This Amendment No. 1 amends and supplements the Solicitation/Recommendation Statement on Schedule 14D-9 (as amended or supplemented from time to time, the “Schedule 14D-9”) previously filed by Constellation Pharmaceuticals, Inc., a Delaware corporation (the “Company”), with the Securities and Exchange Commission on June 16, 2021, relating to the tender offer by MorphoSys Development Inc., a Delaware corporation (“Purchaser”) and an indirect wholly owned subsidiary of MorphoSys AG, a German stock corporation (Aktiengesellschaft) (“Parent”), to purchase all of the outstanding shares of the Company’s common stock, par value $0.0001 per share (the “Shares” and each, a “Share”) at a price per Share of $34.00, net to the holder in cash, without interest and subject to any withholding of taxes, upon the terms and subject to the conditions set forth in the Offer to Purchase, dated June 16, 2021, as it may be amended or supplemented from time to time, and the related Letter of Transmittal, as it may be amended or supplemented from time to time (together with the Offer to Purchase, the “Offer”). Any capitalized term used and not otherwise defined herein shall have the meaning ascribed to such term in the Schedule 14D-9.

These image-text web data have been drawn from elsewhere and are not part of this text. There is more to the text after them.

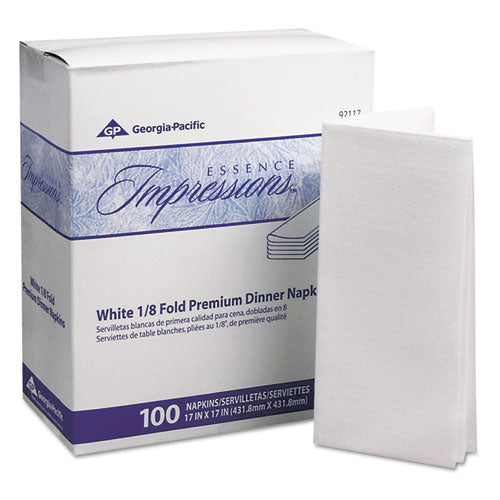 ESGPC92117 - Essence Impressions 1-8-Fold Dinner Napkins, Two-Ply, 17 X 17, White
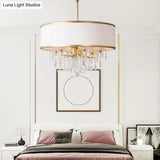 Modern Drum Ceiling Chandelier With Crystal Droplet - Brass Hanging Pendant Light (6 Bulbs)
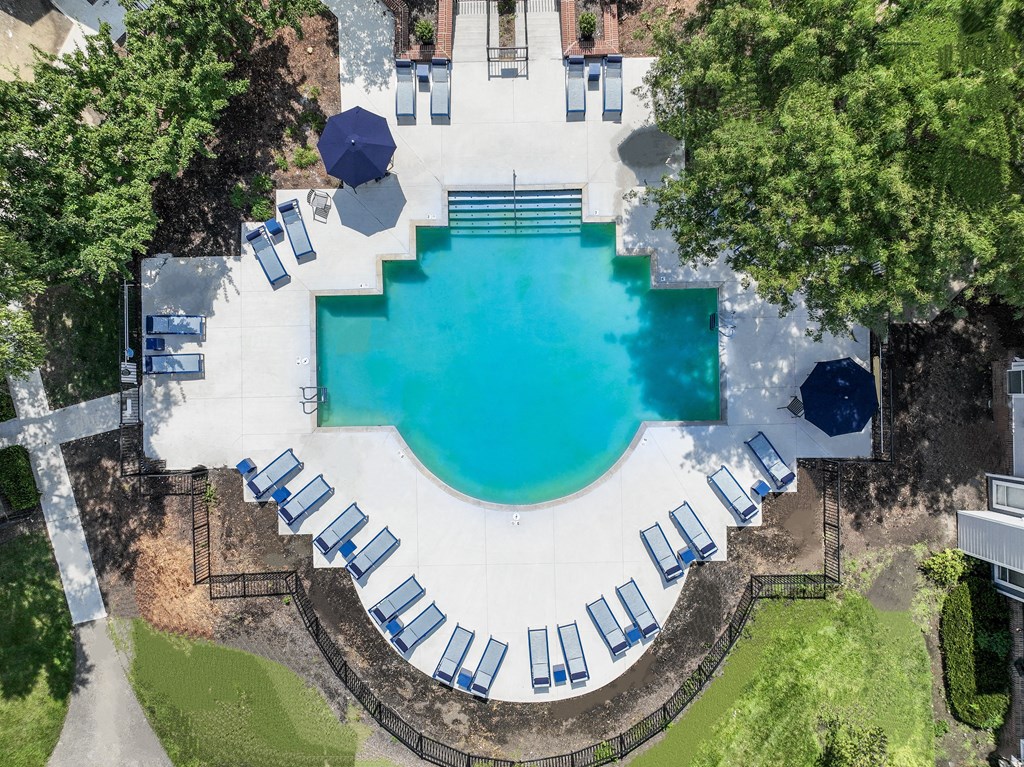 Aerial View of Pool at Sawmill Village Apartments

Except as otherwise set forth below, the information set forth in the Schedule 14D-9 remains unchanged and is incorporated herein by reference as relevant to the items in this Amendment No. 1. This Amendment No. 1 is being filed to reflect certain updates as set forth below.
Item 8. ADDITIONAL INFORMATION.
Item 8 of the Schedule 14D-9 is hereby amended and supplemented as follows:
The following paragraph replaces in its entirety the second paragraph under the heading “Antitrust Compliance” on page 35:
“Under the HSR Act, the purchase of Shares in the Offer may not be completed until the expiration of a 15-calendar-day waiting period following the filing of certain required information and documentary material concerning the Offer (and the Merger) with the FTC and the Antitrust Division, unless the waiting period is earlier terminated by the FTC. The parties agreed in the Merger Agreement to file such Premerger Notification and Report Forms under the HSR Act with the FTC and the Antitrust Division in connection with the purchase of Shares in the Offer as promptly as reasonably practicable, but no later than ten business days from the date of the Merger Agreement. On June 15, 2021, the Company and Parent filed their respective Premerger Notification and Report Forms with the FTC and the Antitrust Division. The required waiting period with respect to the Offer expired in the ordinary course at 11:59 p.m. Eastern Time on June 30, 2021. Accordingly, the condition to the Offer requiring that the waiting period applicable to the Offer under the HSR Act shall have expired or been terminated has been satisfied and any approvals or clearances required to be obtained under any other antitrust laws have been obtained. The Offer continues to be subject to the remaining conditions set forth in the Offer to Purchase.”